Repeat the records word for word, excluding any picture.
Source material: Begin
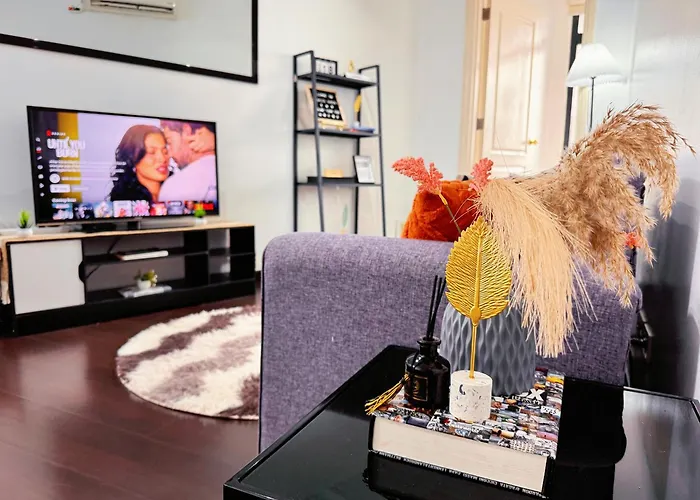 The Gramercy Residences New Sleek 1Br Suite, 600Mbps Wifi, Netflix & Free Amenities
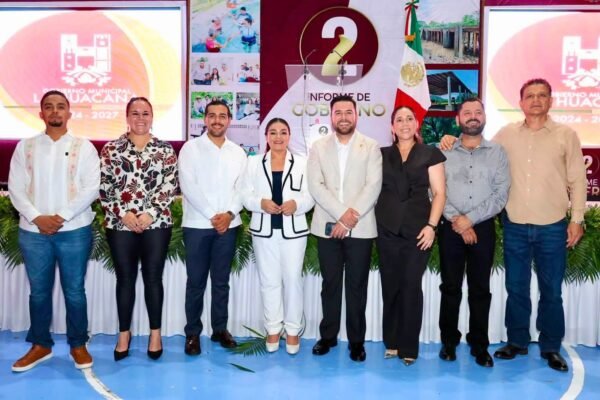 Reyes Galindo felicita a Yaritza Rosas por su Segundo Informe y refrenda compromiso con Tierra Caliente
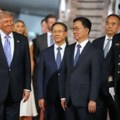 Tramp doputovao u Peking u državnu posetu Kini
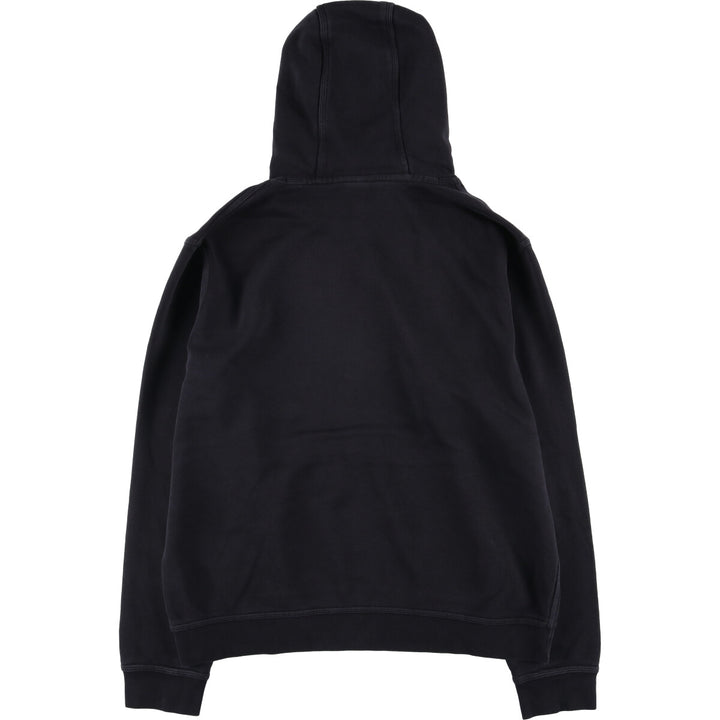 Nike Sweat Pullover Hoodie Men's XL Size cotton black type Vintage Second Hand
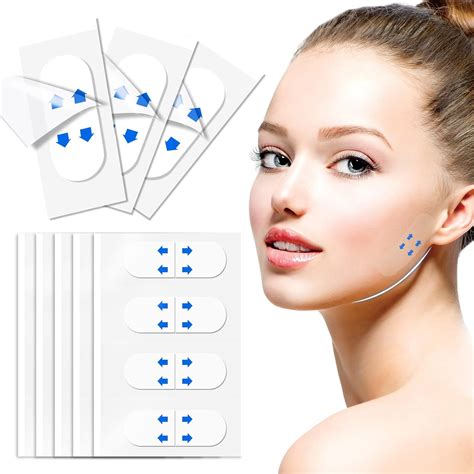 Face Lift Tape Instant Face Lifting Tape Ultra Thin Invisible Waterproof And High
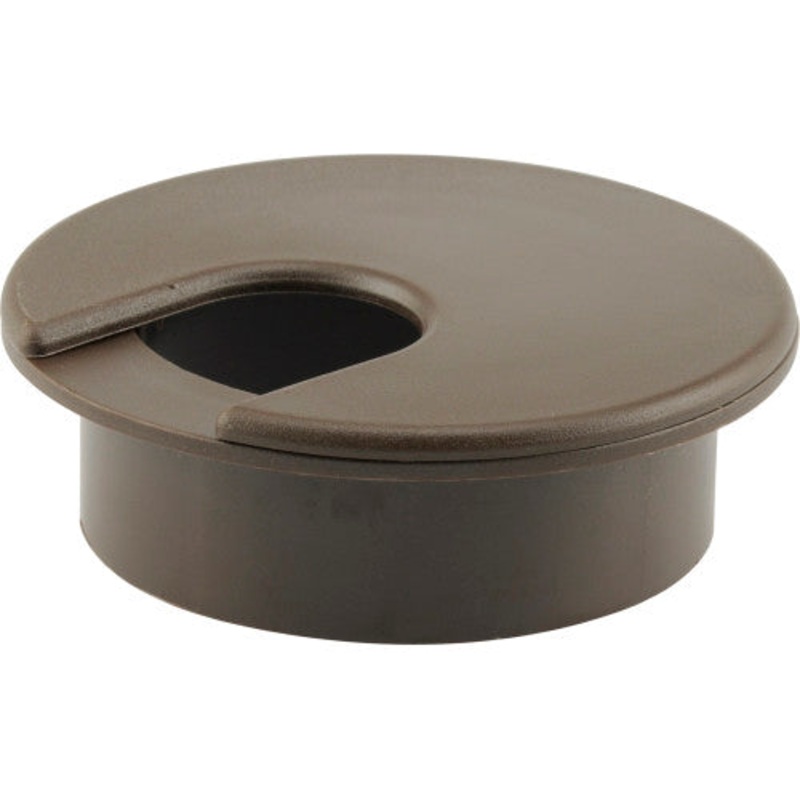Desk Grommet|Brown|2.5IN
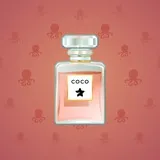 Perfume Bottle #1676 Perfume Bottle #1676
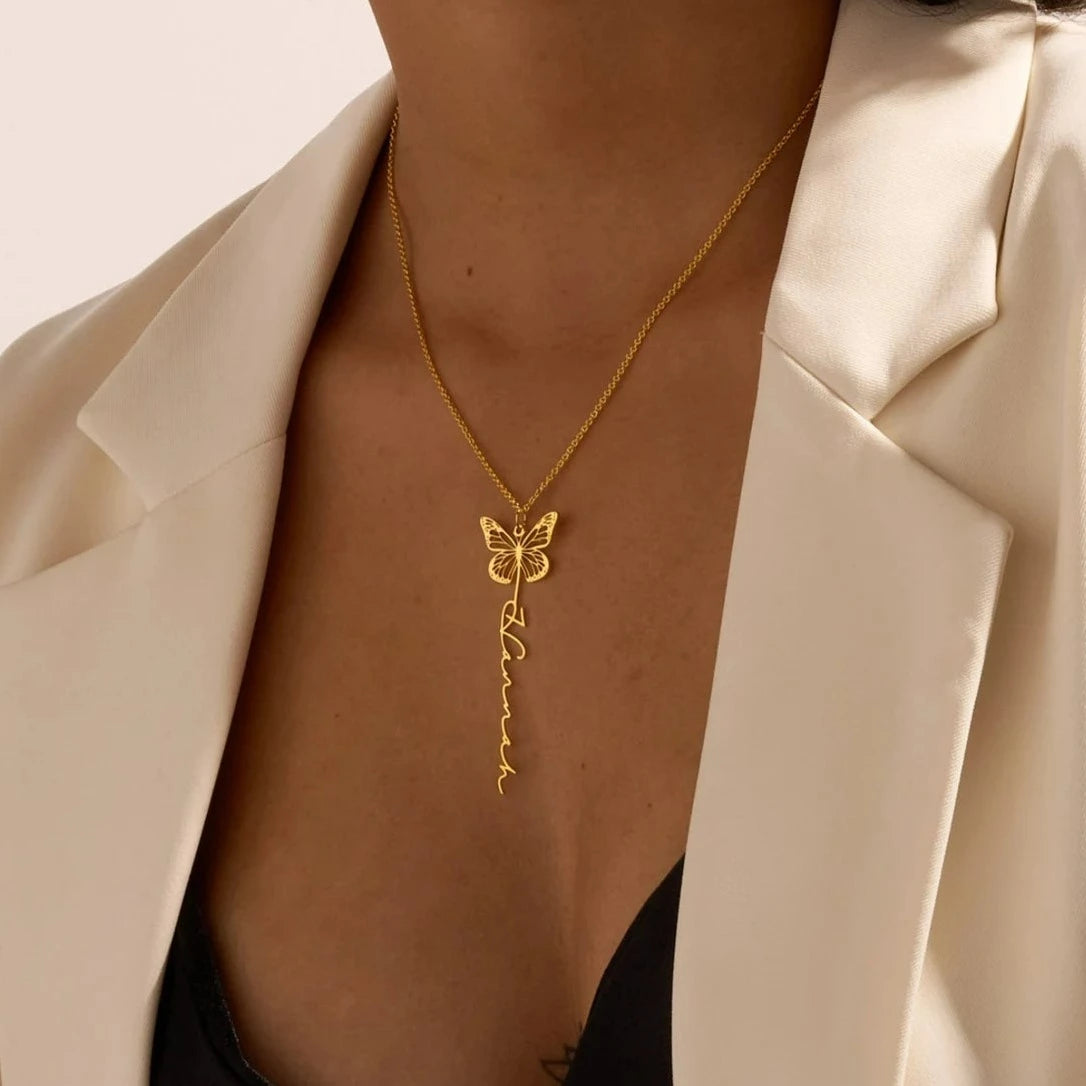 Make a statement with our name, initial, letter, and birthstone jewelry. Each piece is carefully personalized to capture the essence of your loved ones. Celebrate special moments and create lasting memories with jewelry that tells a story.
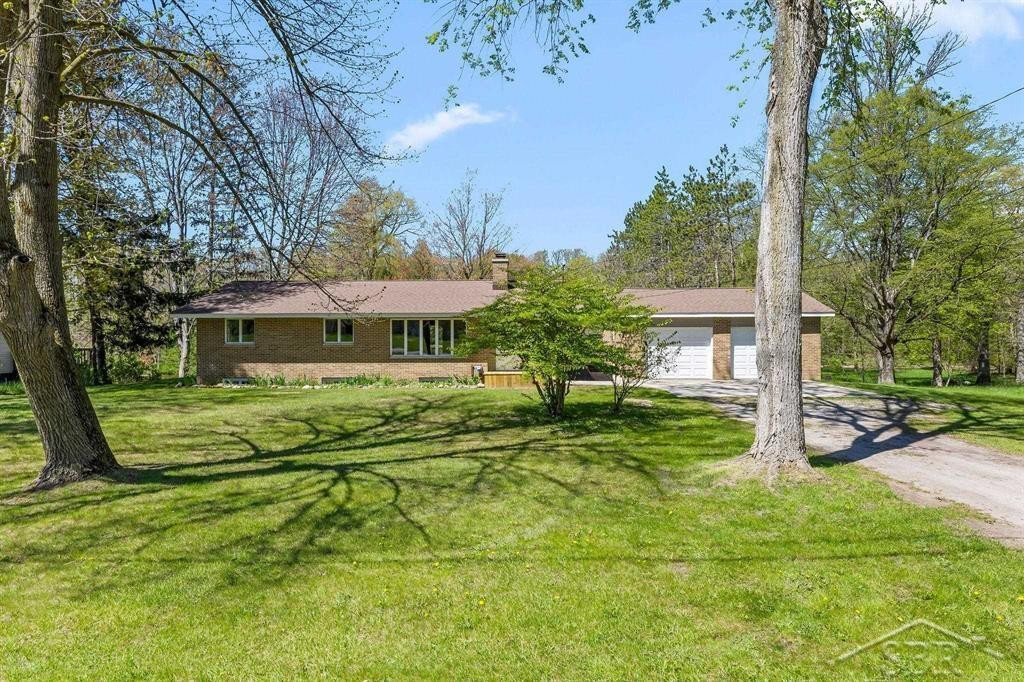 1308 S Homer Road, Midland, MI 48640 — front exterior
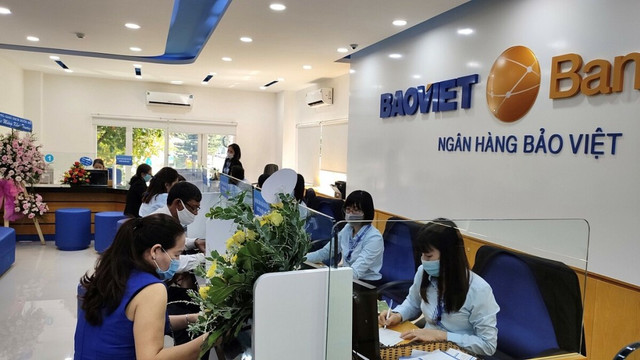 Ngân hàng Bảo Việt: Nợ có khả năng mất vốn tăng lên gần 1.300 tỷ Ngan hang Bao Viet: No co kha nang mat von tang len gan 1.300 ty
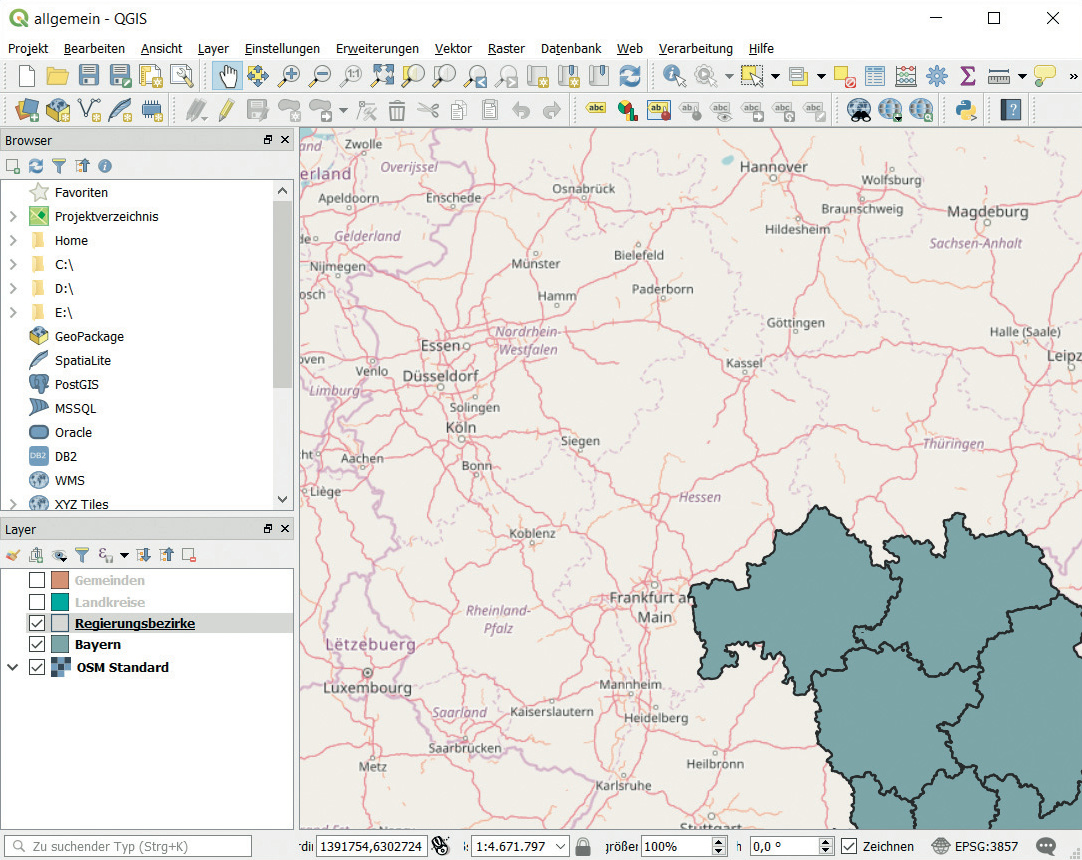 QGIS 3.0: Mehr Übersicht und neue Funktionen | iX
Source material: End
■ **Response box**
 The Gramercy Residences New Sleek 1Br Suite, 600Mbps Wifi, Netflix & Free Amenities
 Reyes Galindo felicita a Yaritza Rosas por su Segundo Informe y refrenda compromiso con Tierra Caliente
 Tramp doputovao u Peking u državnu posetu Kini
 Nike Sweat Pullover Hoodie Men's XL Size cotton black type Vintage Second Hand
 Face Lift Tape Instant Face Lifting Tape Ultra Thin Invisible Waterproof And High
Desk Grommet|Brown|2.5IN
 Perfume Bottle #1676 Perfume Bottle #1676
 Make a statement with our name, initial, letter, and birthstone jewelry. Each piece is carefully personalized to capture the essence of your loved ones. Celebrate special moments and create lasting memories with jewelry that tells a story.
 1308 S Homer Road, Midland, MI 48640 — front exterior
 Ngân hàng Bảo Việt: Nợ có khả năng mất vốn tăng lên gần 1.300 tỷ Ngan hang Bao Viet: No co kha nang mat von tang len gan 1.300 ty
 QGIS 3.0: Mehr Übersicht und neue Funktionen | iX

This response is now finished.